Берега речки Хатын-хобо были очень оживлены аулами монголов земли Барга. Здесь нашелся и шаман, который по просьбе Потанина выполнил весь обряд камланья. Потанин описал его в своем отчете с изложением перевода записанных Базаровым песен и заклинаний шамана во время обряда.
Ближе к реке Керулену, на востоке, вдали видны были красноватые скалистые горы Могойту, т. е. Змеиные. К реке степь спускалась постепенно; на западе показались горы Гурба-богдо-ула с тремя вершинами, а за ними еще выше по реке Керулену видны были горы Алтын-эмель, т. е. «золотое седло»; река разрезала эти горы на две массы, похожие на луки седла, откуда и название их.
На реке Керулене экспедиция простояла два дня и посетила соседний монастырь Шира-ногоин-сумэ.
Переезд через реку доставил некоторые хлопоты; перевоза не было, а река, хотя и не глубокая на броду, имела топкое дно. Пришлось разгрузить телеги, перевезти багаж на брезентовой лодке, которую имела экспедиция, а телеги пустить вброд порожняком.
За рекой Керуленом путешественники направились на юго-восток и на юг по песчаной степи, к озерам Улан-нор и Буир-нор, сначала по равнине, которая некогда составляла дно большого озера, теперь сократившегося в озеро Делай-нор, в которое впадает река Керулен. В почве этой равнины в изобилии встречались крупные раковины пресноводных моллюсков, живших когда-то в озере. На юге, вдали, видна была высокая гора Дуланхара с тремя вершинами на высоком пьедестале. Сурков в этой местности уже не видели. На берегах озера Буир-нор простояли три дня, чтобы собрать фауну; ловили рыбу сетью и убедились, что в озере живет пять видов рыбы. На воде было много гусей, но они держались вдали от берега.

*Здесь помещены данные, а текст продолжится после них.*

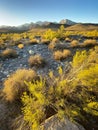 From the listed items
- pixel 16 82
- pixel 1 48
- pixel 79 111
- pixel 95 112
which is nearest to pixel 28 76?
pixel 16 82

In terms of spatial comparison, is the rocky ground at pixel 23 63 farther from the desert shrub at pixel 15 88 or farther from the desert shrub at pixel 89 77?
the desert shrub at pixel 89 77

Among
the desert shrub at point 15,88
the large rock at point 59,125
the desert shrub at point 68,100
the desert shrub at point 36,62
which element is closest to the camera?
the large rock at point 59,125

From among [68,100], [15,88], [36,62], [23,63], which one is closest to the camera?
[68,100]

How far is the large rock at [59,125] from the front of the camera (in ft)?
17.1

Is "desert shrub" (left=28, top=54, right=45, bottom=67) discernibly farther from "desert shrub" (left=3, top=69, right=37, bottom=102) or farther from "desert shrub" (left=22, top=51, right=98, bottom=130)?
"desert shrub" (left=22, top=51, right=98, bottom=130)

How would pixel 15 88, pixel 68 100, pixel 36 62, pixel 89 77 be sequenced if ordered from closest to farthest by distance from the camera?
pixel 89 77
pixel 68 100
pixel 15 88
pixel 36 62

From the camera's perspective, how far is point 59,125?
17.2ft

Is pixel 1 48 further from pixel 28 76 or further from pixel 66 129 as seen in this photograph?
pixel 66 129

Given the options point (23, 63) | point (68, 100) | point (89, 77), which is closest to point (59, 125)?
point (68, 100)

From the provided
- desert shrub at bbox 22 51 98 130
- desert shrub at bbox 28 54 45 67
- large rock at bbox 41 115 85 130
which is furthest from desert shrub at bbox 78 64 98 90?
desert shrub at bbox 28 54 45 67

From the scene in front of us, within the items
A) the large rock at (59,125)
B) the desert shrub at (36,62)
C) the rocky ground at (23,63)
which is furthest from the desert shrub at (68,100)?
the desert shrub at (36,62)

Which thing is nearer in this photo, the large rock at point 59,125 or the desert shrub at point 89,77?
the large rock at point 59,125

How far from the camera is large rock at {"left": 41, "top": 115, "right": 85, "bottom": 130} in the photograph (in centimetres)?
520

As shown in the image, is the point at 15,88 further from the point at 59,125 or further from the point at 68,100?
the point at 59,125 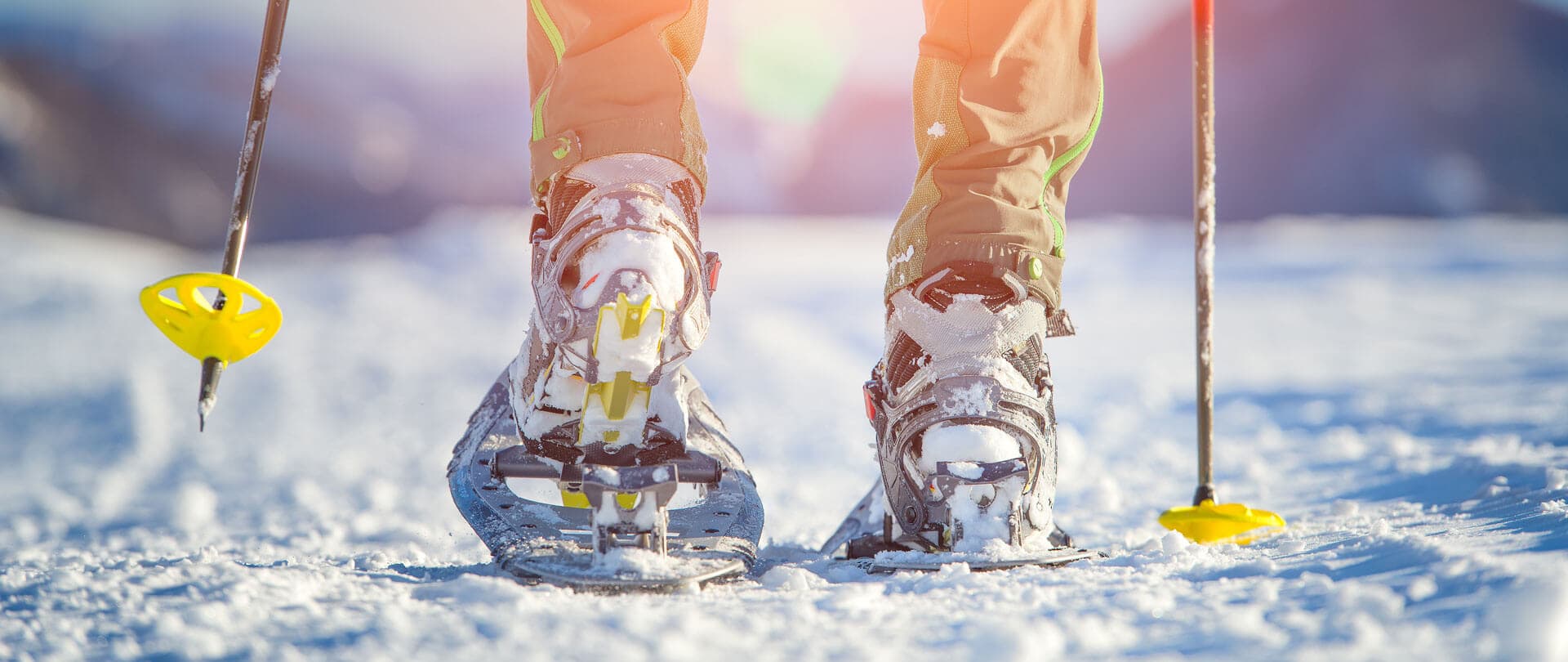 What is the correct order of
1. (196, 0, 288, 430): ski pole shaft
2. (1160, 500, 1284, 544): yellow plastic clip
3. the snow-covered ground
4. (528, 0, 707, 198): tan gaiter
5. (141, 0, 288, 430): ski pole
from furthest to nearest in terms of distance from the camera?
(1160, 500, 1284, 544): yellow plastic clip, (196, 0, 288, 430): ski pole shaft, (528, 0, 707, 198): tan gaiter, (141, 0, 288, 430): ski pole, the snow-covered ground

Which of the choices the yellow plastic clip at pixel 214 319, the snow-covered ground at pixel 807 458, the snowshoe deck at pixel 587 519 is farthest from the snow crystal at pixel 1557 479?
the yellow plastic clip at pixel 214 319

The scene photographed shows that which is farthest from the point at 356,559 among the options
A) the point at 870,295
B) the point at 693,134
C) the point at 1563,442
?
the point at 870,295

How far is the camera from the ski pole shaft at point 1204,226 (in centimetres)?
213

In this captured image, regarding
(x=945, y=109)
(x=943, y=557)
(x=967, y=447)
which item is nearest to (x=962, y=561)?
(x=943, y=557)

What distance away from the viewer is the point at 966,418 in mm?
1555

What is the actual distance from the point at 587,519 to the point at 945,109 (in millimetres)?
907

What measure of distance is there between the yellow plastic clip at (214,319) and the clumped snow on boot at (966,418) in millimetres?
936

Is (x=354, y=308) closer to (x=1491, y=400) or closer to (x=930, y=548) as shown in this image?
(x=930, y=548)

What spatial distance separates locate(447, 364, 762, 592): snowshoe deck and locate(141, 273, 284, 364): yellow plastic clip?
0.40m

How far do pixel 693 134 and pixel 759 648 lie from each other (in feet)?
3.01

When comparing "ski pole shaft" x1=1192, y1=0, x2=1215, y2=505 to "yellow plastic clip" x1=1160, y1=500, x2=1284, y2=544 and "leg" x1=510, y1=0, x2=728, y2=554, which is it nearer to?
"yellow plastic clip" x1=1160, y1=500, x2=1284, y2=544

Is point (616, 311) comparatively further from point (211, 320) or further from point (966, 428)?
point (211, 320)

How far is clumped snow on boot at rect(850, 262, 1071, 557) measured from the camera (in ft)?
5.06

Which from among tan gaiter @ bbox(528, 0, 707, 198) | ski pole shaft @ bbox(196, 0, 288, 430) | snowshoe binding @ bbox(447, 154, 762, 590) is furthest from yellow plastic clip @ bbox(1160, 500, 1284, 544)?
ski pole shaft @ bbox(196, 0, 288, 430) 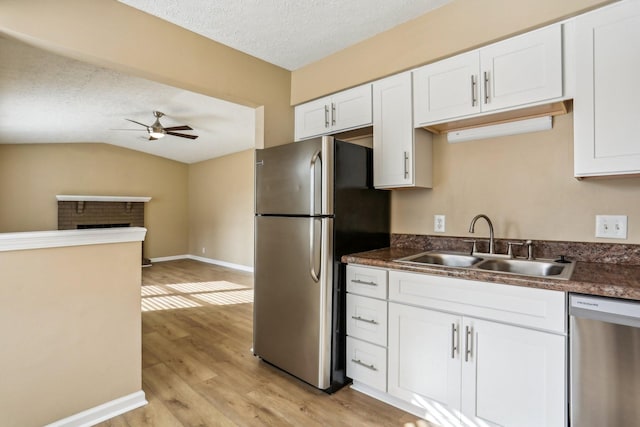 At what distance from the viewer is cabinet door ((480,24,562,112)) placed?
170 cm

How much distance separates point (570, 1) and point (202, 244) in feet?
25.4

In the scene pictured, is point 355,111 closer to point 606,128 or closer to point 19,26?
point 606,128

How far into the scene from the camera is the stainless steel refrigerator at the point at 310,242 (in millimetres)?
2096

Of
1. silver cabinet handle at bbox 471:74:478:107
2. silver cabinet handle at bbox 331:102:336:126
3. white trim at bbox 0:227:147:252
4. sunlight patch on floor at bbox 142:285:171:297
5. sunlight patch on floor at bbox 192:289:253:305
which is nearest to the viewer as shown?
white trim at bbox 0:227:147:252

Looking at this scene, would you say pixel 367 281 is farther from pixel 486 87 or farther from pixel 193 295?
pixel 193 295

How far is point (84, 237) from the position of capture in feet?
5.99

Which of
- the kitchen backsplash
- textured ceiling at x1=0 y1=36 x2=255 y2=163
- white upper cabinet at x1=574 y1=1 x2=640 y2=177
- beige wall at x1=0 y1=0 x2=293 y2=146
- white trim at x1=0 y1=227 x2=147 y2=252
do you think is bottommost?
the kitchen backsplash

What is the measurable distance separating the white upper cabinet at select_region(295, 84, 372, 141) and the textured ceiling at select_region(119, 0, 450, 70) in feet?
1.27

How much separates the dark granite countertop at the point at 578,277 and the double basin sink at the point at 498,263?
2.8 inches

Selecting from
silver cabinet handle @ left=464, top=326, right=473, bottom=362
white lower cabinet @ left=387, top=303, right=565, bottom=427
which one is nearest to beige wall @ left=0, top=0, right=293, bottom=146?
white lower cabinet @ left=387, top=303, right=565, bottom=427

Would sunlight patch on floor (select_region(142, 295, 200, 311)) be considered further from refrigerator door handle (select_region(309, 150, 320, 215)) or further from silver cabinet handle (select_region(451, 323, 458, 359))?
silver cabinet handle (select_region(451, 323, 458, 359))

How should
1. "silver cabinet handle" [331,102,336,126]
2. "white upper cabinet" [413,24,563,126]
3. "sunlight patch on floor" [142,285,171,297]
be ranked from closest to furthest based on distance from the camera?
"white upper cabinet" [413,24,563,126] < "silver cabinet handle" [331,102,336,126] < "sunlight patch on floor" [142,285,171,297]

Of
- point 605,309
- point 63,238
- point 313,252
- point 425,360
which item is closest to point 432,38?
point 313,252

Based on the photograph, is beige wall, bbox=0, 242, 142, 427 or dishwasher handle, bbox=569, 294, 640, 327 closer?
dishwasher handle, bbox=569, 294, 640, 327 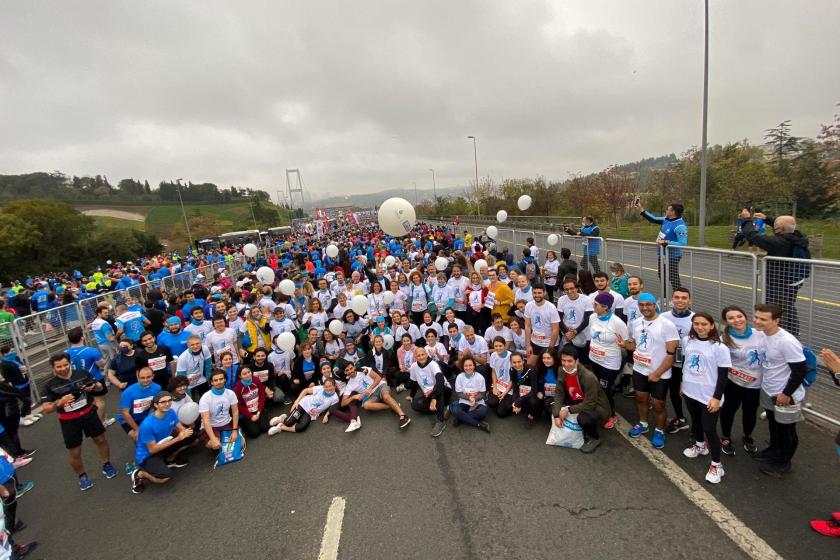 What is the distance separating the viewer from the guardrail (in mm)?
4203

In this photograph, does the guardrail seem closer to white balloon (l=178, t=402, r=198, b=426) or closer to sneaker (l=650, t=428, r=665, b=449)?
sneaker (l=650, t=428, r=665, b=449)

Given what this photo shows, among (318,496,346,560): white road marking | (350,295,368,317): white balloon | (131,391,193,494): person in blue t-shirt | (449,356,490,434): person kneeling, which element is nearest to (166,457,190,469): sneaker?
(131,391,193,494): person in blue t-shirt

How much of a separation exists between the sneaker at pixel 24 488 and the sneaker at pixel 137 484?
1.47 meters

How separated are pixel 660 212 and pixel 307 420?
1401 inches

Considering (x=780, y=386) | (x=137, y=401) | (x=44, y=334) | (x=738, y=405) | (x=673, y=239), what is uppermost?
(x=673, y=239)

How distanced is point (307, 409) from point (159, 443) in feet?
6.05

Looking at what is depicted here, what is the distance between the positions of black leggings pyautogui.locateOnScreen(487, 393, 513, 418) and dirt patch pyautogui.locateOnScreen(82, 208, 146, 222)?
372 ft

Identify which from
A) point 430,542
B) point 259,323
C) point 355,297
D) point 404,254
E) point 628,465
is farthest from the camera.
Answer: point 404,254

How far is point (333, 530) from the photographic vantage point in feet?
11.2

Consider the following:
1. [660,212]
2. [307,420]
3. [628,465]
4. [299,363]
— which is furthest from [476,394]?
[660,212]

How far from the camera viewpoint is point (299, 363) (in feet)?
21.7

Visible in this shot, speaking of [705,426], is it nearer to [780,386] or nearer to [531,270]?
[780,386]

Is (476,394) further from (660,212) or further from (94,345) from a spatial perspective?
(660,212)

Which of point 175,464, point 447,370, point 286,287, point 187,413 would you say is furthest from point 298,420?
point 286,287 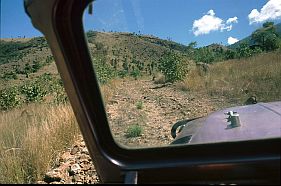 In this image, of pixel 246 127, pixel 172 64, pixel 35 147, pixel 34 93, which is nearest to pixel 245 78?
pixel 246 127

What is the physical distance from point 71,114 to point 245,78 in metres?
4.51

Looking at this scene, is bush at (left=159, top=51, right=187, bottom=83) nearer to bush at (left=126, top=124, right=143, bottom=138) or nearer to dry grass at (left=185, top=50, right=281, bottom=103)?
dry grass at (left=185, top=50, right=281, bottom=103)

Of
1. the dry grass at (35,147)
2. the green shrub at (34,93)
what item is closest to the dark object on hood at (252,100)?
the dry grass at (35,147)

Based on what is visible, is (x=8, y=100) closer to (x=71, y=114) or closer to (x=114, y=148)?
(x=71, y=114)

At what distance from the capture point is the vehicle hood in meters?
1.86

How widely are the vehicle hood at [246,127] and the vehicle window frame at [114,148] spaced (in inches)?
6.0

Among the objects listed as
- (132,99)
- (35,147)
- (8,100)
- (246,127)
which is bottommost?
(35,147)

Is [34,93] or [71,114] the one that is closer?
[71,114]

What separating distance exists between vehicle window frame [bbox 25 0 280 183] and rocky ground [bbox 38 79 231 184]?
5.2 inches

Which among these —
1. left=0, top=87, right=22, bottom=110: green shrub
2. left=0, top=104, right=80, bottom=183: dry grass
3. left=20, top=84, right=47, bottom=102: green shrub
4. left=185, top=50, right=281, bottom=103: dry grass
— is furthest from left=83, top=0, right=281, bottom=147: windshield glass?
left=20, top=84, right=47, bottom=102: green shrub

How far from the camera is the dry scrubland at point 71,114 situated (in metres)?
2.71

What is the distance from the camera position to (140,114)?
12.0 feet

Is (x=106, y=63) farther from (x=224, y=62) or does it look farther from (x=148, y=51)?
(x=224, y=62)

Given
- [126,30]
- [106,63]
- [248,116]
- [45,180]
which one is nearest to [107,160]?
[106,63] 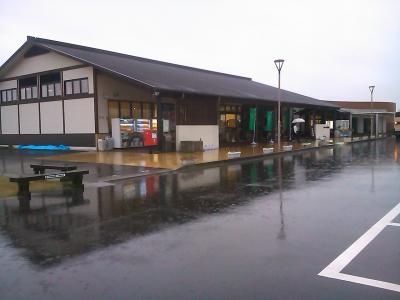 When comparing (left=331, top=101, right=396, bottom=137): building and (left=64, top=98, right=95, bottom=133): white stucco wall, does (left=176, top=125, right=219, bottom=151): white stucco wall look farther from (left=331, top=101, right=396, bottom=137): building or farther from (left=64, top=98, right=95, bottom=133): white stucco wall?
(left=331, top=101, right=396, bottom=137): building

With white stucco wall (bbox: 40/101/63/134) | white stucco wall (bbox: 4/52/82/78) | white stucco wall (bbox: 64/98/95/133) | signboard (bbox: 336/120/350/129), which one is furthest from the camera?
signboard (bbox: 336/120/350/129)

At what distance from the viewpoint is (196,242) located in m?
5.96

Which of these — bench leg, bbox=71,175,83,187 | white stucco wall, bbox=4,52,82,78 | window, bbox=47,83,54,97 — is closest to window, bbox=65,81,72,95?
white stucco wall, bbox=4,52,82,78

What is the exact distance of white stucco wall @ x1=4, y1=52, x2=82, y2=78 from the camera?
2644cm

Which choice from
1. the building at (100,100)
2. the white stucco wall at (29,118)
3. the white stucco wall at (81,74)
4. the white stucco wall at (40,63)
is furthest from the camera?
the white stucco wall at (29,118)

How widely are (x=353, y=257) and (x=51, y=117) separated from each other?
26104 mm

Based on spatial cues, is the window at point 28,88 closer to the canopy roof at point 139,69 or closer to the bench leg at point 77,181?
the canopy roof at point 139,69

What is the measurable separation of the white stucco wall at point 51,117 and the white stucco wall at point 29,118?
77 centimetres

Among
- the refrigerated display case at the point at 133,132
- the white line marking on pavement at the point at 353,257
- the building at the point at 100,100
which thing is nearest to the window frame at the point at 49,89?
the building at the point at 100,100

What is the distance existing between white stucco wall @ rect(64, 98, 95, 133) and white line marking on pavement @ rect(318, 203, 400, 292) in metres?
21.1

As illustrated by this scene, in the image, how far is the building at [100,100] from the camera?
77.5 ft

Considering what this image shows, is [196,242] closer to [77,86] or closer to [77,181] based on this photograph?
[77,181]

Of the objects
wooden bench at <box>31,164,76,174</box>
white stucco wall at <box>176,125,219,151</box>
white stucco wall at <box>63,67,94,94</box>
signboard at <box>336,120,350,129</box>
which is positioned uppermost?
white stucco wall at <box>63,67,94,94</box>

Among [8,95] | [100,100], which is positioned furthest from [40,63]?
[100,100] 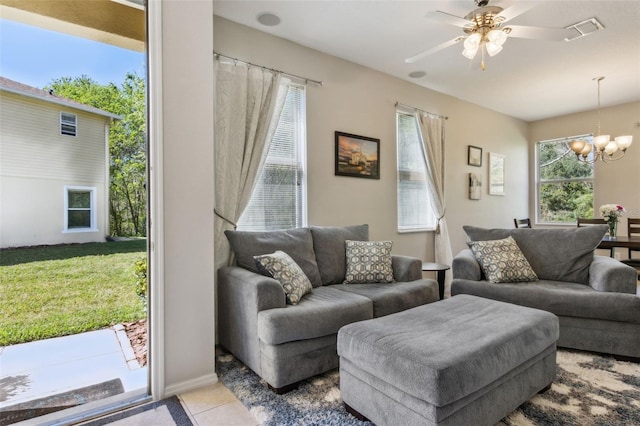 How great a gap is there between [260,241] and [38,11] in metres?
1.93

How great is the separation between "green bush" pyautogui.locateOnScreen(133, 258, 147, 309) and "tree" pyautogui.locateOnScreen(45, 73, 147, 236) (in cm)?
21

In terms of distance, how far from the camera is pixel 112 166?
2.10 metres

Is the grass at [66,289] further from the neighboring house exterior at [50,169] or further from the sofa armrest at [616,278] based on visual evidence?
the sofa armrest at [616,278]

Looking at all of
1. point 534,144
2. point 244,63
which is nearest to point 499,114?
point 534,144

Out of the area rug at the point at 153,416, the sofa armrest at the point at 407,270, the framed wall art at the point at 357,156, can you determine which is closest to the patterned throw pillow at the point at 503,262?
the sofa armrest at the point at 407,270

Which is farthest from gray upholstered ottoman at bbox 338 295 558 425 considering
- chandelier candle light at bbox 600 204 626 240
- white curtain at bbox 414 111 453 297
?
chandelier candle light at bbox 600 204 626 240

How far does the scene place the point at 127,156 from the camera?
Answer: 2.11 metres

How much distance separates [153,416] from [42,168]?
148 centimetres

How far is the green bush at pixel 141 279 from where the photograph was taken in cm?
215

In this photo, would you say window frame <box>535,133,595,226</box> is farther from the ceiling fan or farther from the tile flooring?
the tile flooring

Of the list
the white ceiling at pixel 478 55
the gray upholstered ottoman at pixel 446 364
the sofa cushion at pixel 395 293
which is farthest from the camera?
the white ceiling at pixel 478 55

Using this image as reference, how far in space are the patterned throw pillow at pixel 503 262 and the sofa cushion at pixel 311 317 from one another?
4.24 feet

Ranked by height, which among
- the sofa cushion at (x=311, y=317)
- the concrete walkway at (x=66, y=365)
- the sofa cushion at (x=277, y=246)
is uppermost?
the sofa cushion at (x=277, y=246)

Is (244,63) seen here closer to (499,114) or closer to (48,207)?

От озера Буир-нор шли несколько дней по степи с высокой травой, сначала ровной и безводной, а затем расчлененной логами и долинами, в одной из которых текла небольшая река Абдэр; в логах были рощи ильма. По степи бродили стада дзеренов, голов по пяти, и попадались дрофы. В урочище Борольджи начались песчаные бугры, вообще характерные для местности у западного подножия Хингана. Эти бугры поросли кустами, преимущественно тальника, но также ильма и шиповника. Местами видны были ямы и выдувы, созданные ветром, в которых песок был обнажен и развевался; монголы называли их «манха». Между буграми попадались лужайки с влажной или топкой почвой, иногда с озерками. В этой местности началось обилие комаров, которые мучили экспедицию все время в районе Большого Хингана.
Экспедиция прошла здесь мимо монастыря Лух-сумэ, ламы которого отнеслись к путешественникам с большим недоверием; монастырское начальство спряталось, и путешественники в поисках его напрасно ходили по пустым улицам; встречавшиеся ламы отзывались незнанием или говорили, что главные ламы разъехались по улусам. Между тем экспедиция нуждалась в помощи. В некотором расстоянии от Лух-сумэ у нее околела лошадь, и поэтому необходимо было оставить одну телегу и лишний багаж в монастыре до обратного пути. Вместо этого пришлось нанять ламу с двумя быками, чтобы увезти этот груз до следующего монастыря.
Дорога туда шла уже на юг, вдоль подножия Хингана; местность представляла степь, частью сухую, частью затопленную в низинах водой после дождливых дней. Слева на горизонте видны были плоские горы. В степи попадались дрофы. Миновали речку Ульгэн- гол, еле текущую с востока; на ее берегах стояли аулы монголов, у которых удалось купить двух лошадей.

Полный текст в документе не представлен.